** Information supplied **
━━━━━━━━━━
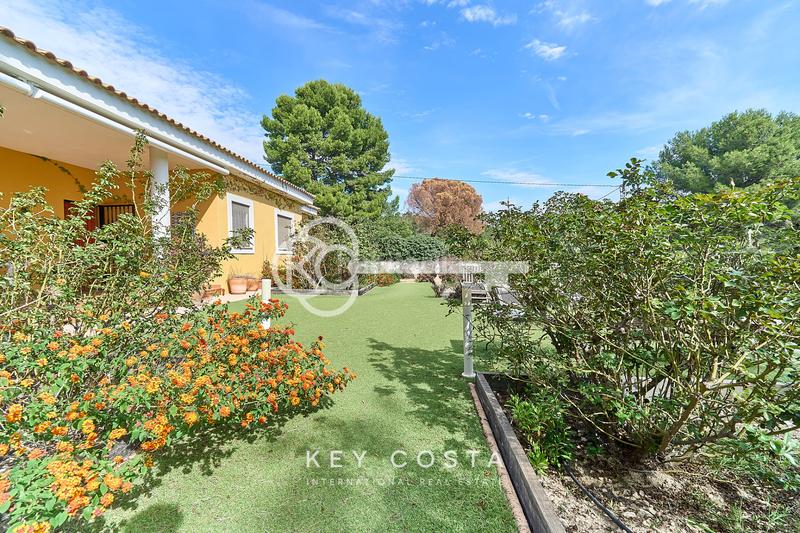 Foto eee72f7d-c9df-41da-8c06-4b071df2b9ff. Chalet en Tibi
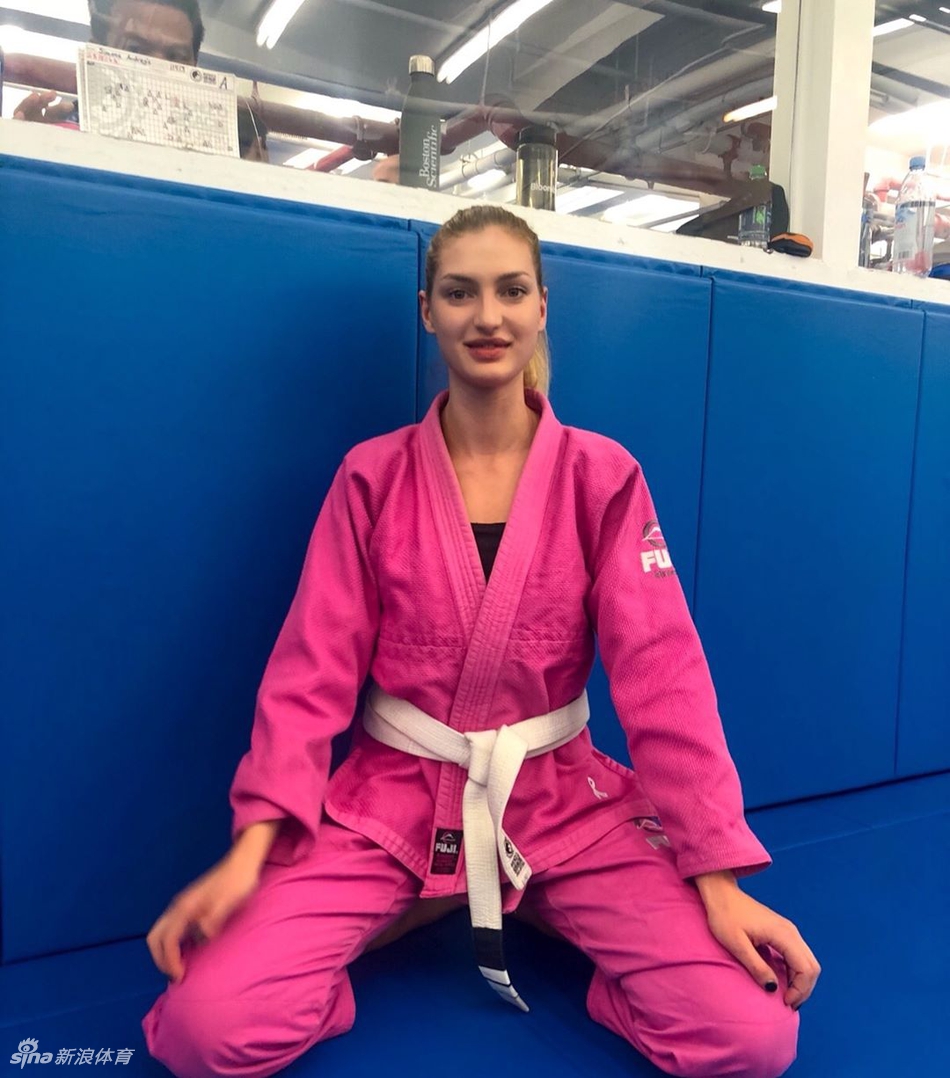 听说塞尔维亚的姑娘都长这样 还超喜欢篮球!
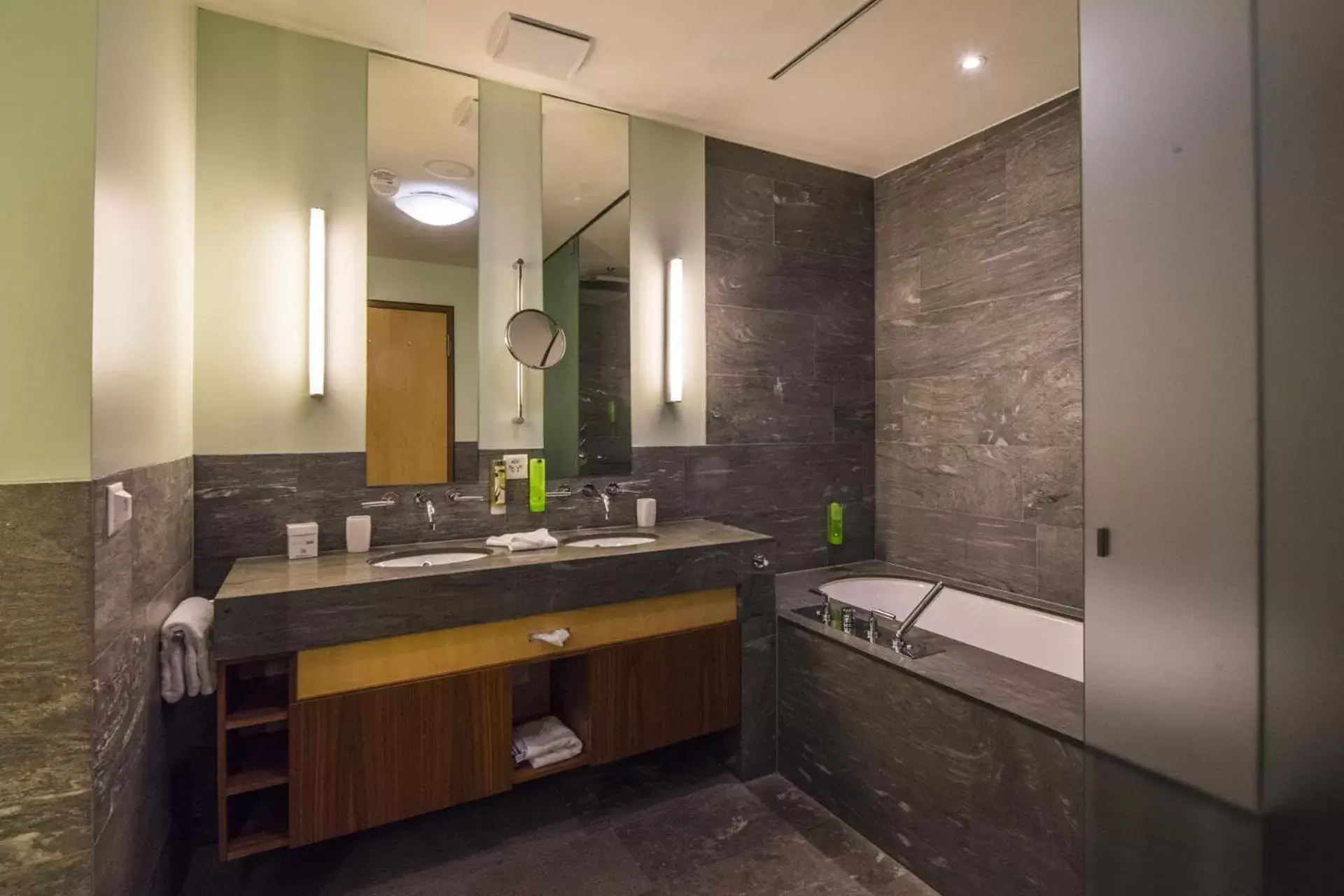 Bathroom in Waldhotel & SPA Davos - for body & soul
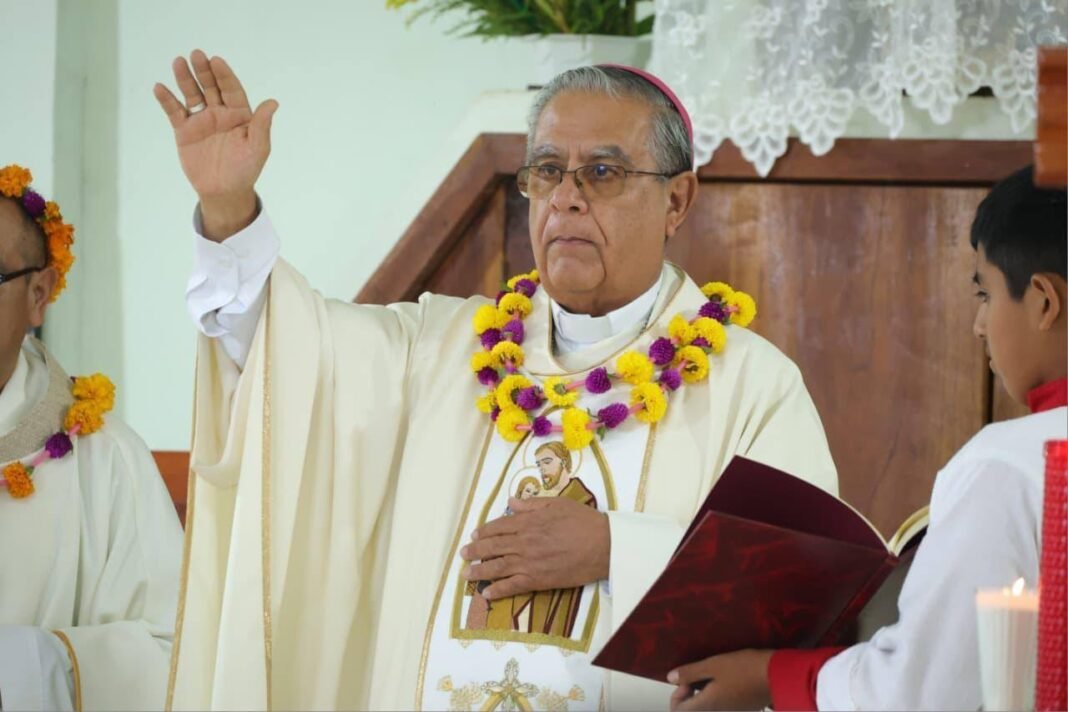 EN LA VILLITA Arzobispo Roberto Domínguez invita a feligreses a vivir dias santos en familia _Facebook Arquidiócesis de Tulancingo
━━━━━━━━━━
** Exercise requirements **
Apart from the pictures, every line of the material above is to be returned word for word.

** Exercise output **
 Foto eee72f7d-c9df-41da-8c06-4b071df2b9ff. Chalet en Tibi
 听说塞尔维亚的姑娘都长这样 还超喜欢篮球!
 Bathroom in Waldhotel & SPA Davos - for body & soul
 EN LA VILLITA Arzobispo Roberto Domínguez invita a feligreses a vivir dias santos en familia _Facebook Arquidiócesis de Tulancingo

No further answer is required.